-- Data for analysis follows --

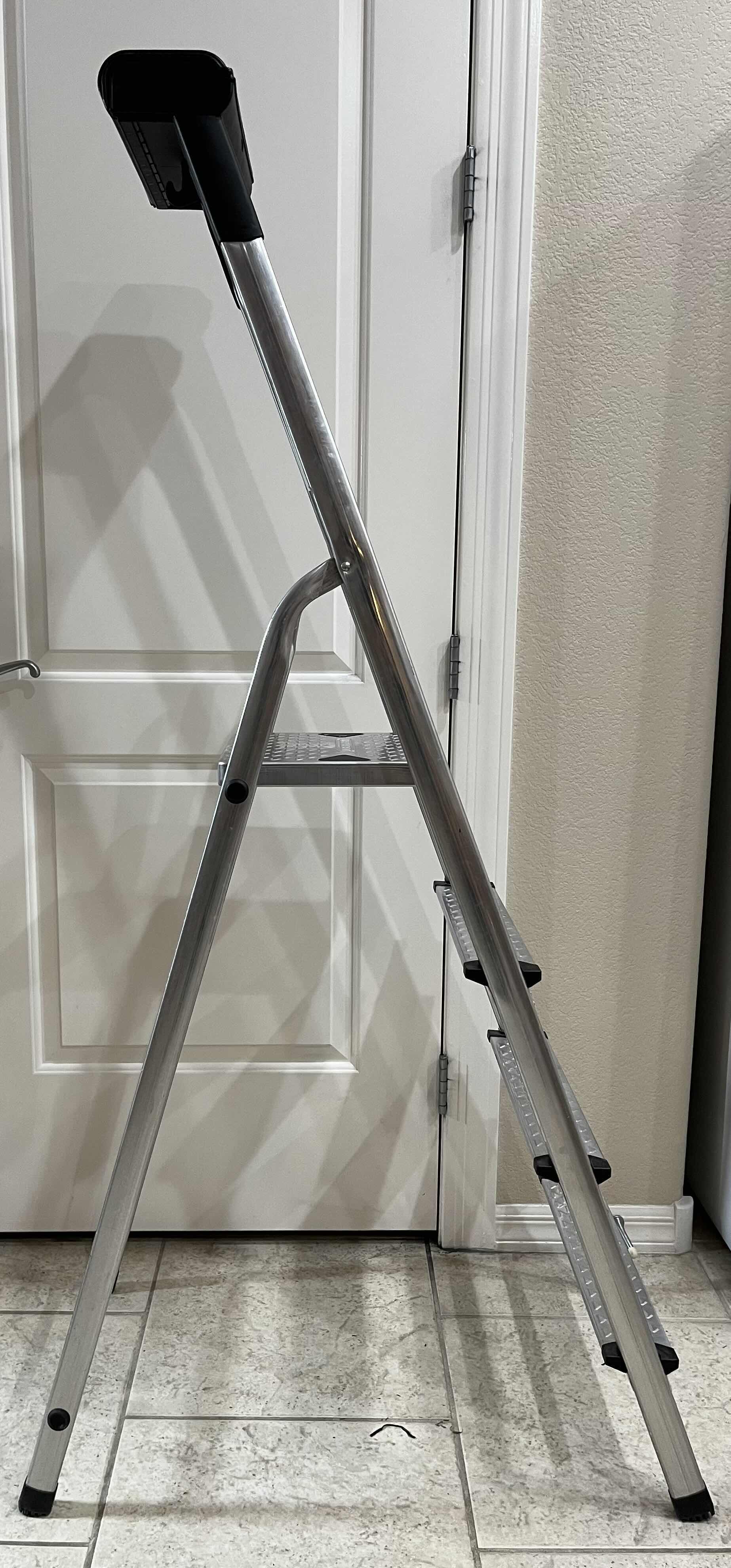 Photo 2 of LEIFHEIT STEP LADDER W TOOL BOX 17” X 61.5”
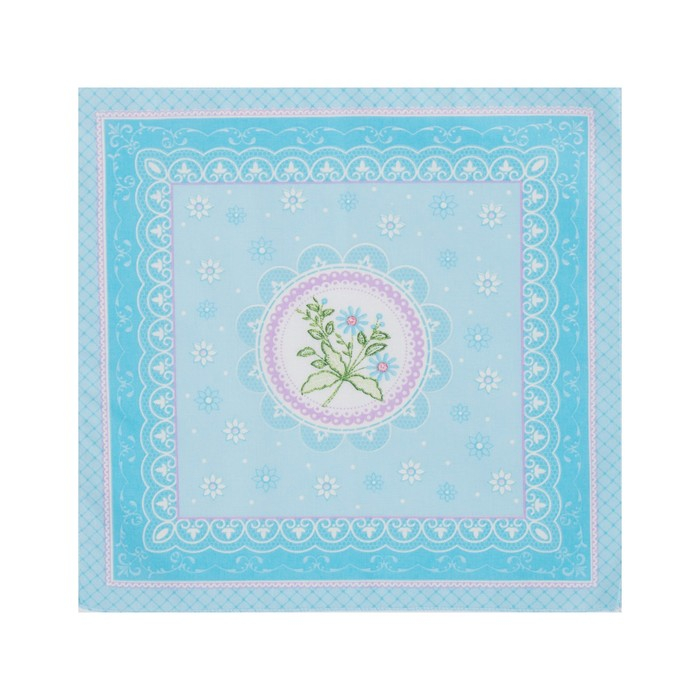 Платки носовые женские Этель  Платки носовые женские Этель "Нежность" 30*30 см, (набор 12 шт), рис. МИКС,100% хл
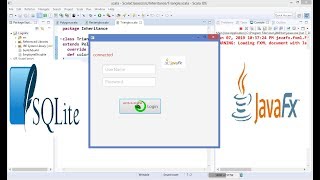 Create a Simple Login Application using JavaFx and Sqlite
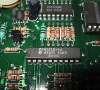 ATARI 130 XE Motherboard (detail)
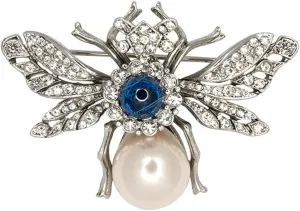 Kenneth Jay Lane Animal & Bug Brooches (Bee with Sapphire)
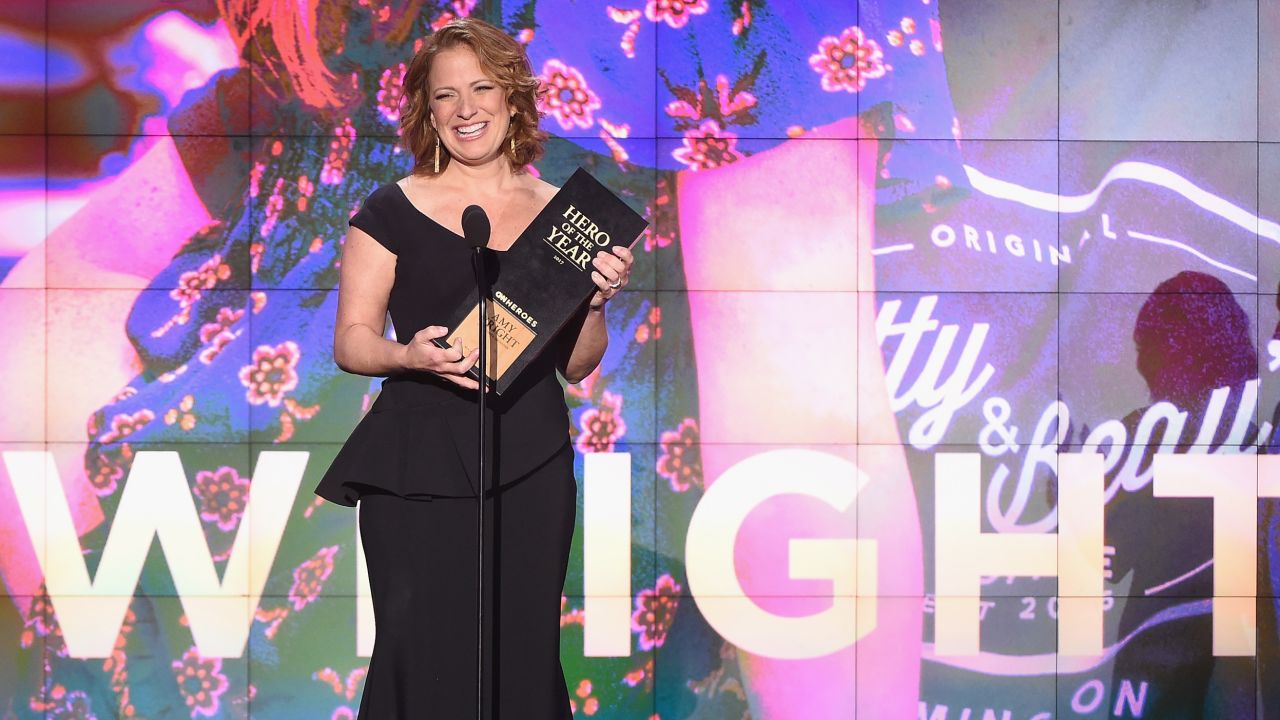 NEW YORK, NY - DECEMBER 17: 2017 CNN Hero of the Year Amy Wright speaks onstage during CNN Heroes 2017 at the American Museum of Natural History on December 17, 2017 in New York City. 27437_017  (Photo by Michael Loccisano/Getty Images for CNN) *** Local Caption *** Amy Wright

-- Data for analysis concluded --
-- Data for analysis follows --

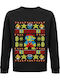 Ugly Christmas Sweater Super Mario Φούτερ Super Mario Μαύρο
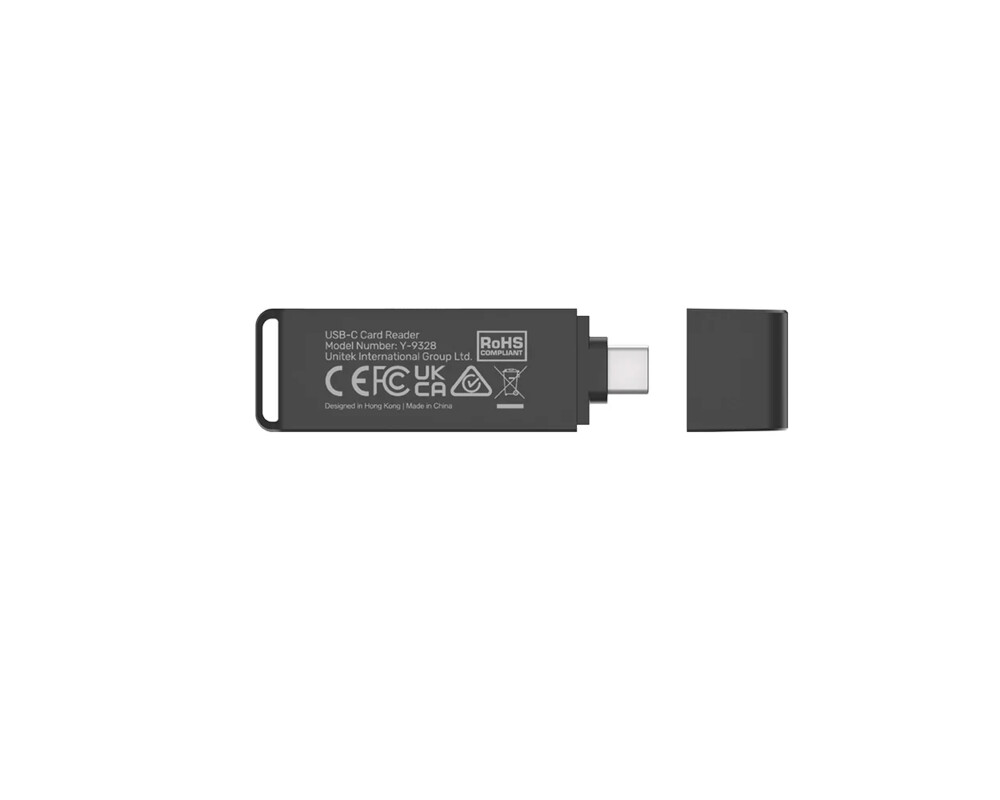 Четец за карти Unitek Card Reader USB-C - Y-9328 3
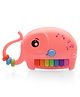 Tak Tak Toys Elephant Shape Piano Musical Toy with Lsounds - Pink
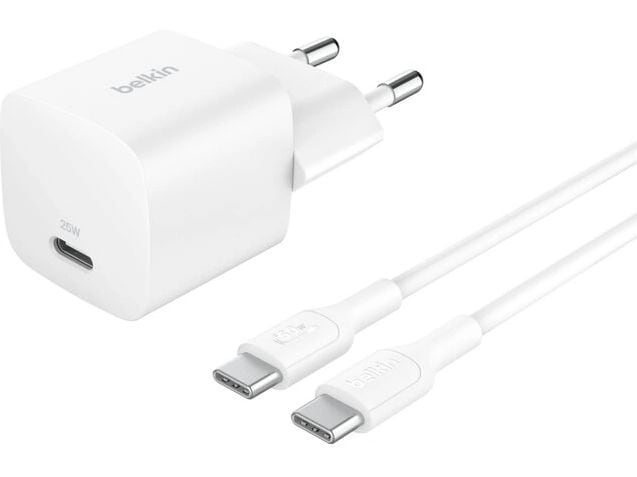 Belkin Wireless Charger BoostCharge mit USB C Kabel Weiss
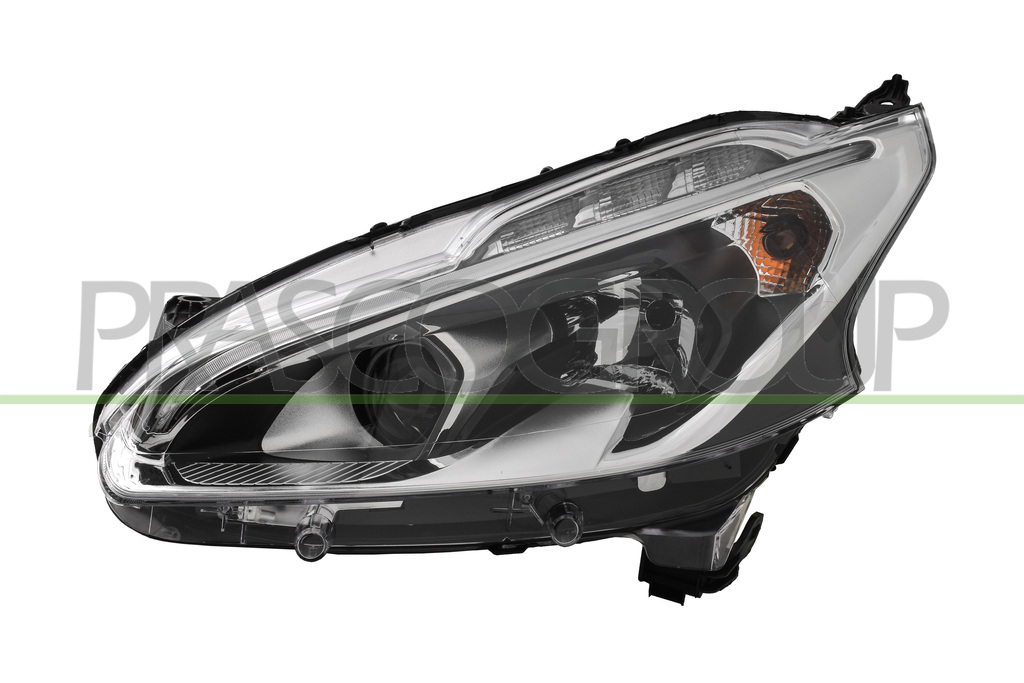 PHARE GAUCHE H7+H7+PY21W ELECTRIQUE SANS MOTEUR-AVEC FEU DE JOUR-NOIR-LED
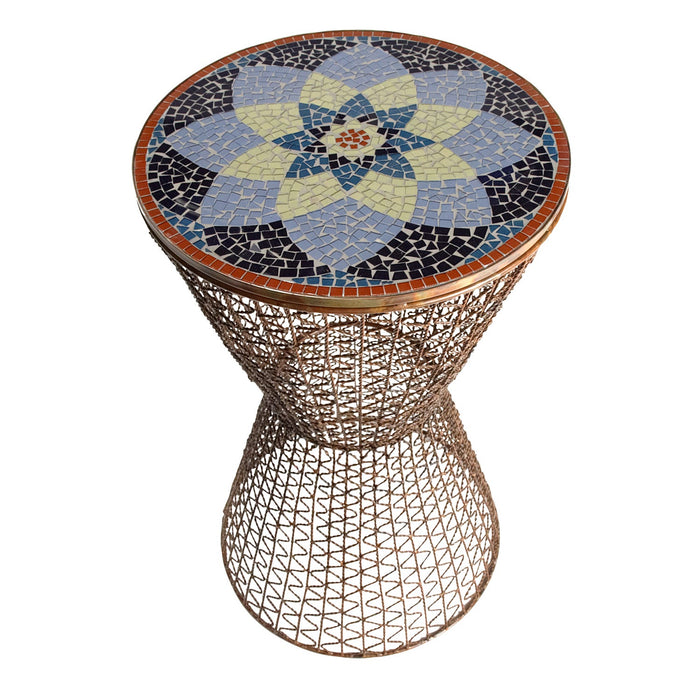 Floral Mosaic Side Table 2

-- Data for analysis concluded --
-- Data for analysis follows --

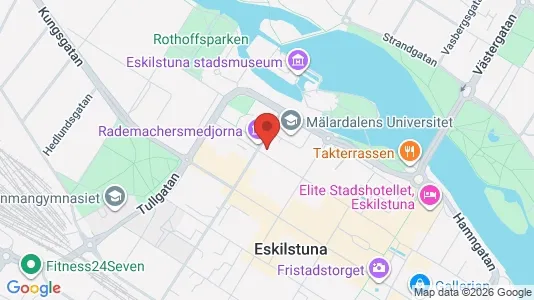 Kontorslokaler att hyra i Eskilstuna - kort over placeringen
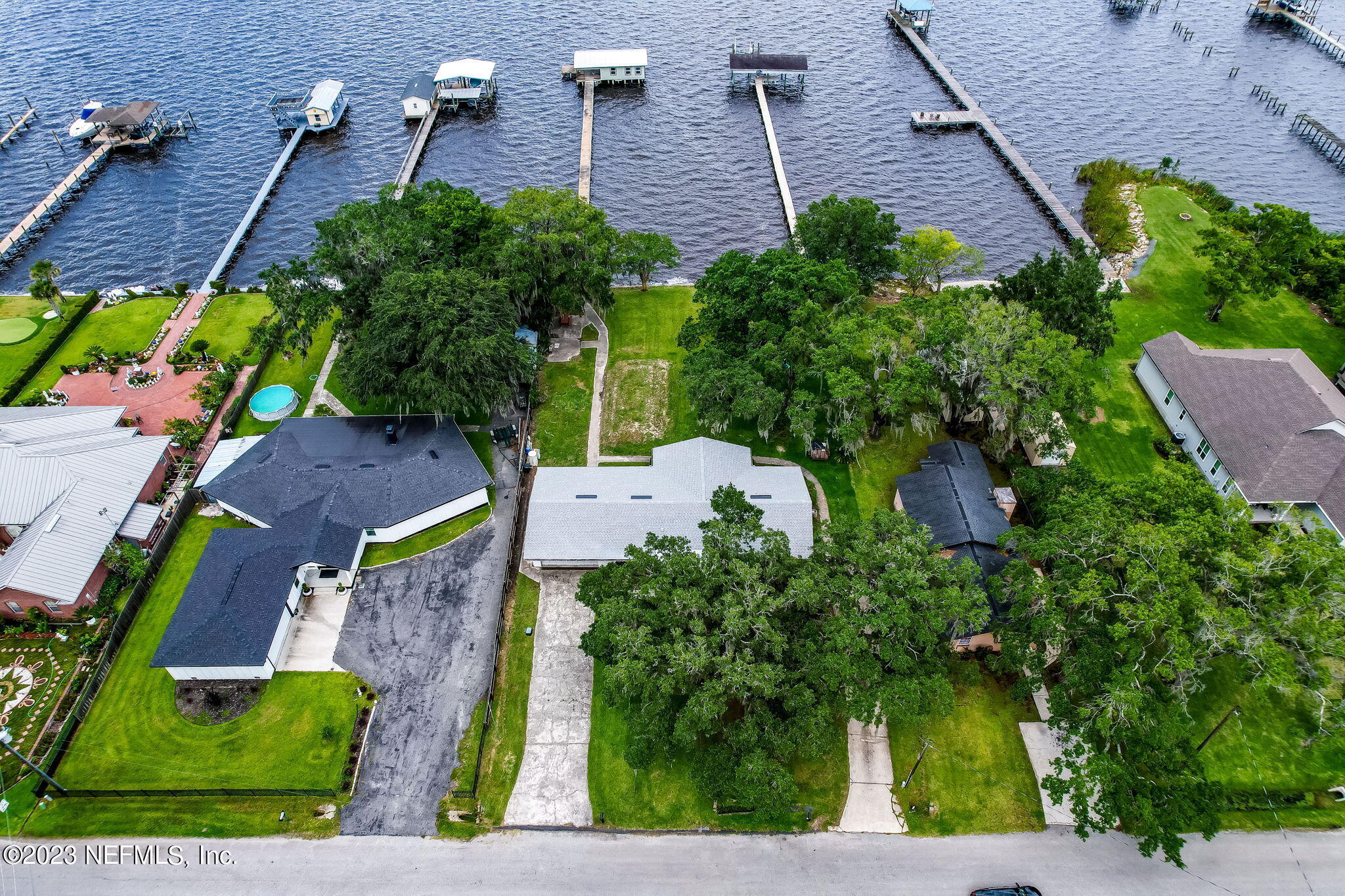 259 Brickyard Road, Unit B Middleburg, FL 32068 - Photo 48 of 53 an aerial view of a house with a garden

-- Data for analysis concluded --

Copy nothing but the lines above from the one with "Photo 2 of LEIFHEIT" to the one with "Kenneth Jay Lane", inclusive, word for word. Leave every picture out.

Written response:
 Photo 2 of LEIFHEIT STEP LADDER W TOOL BOX 17” X 61.5”
 Платки носовые женские Этель  Платки носовые женские Этель "Нежность" 30*30 см, (набор 12 шт), рис. МИКС,100% хл
 Create a Simple Login Application using JavaFx and Sqlite
 ATARI 130 XE Motherboard (detail)
 Kenneth Jay Lane Animal & Bug Brooches (Bee with Sapphire)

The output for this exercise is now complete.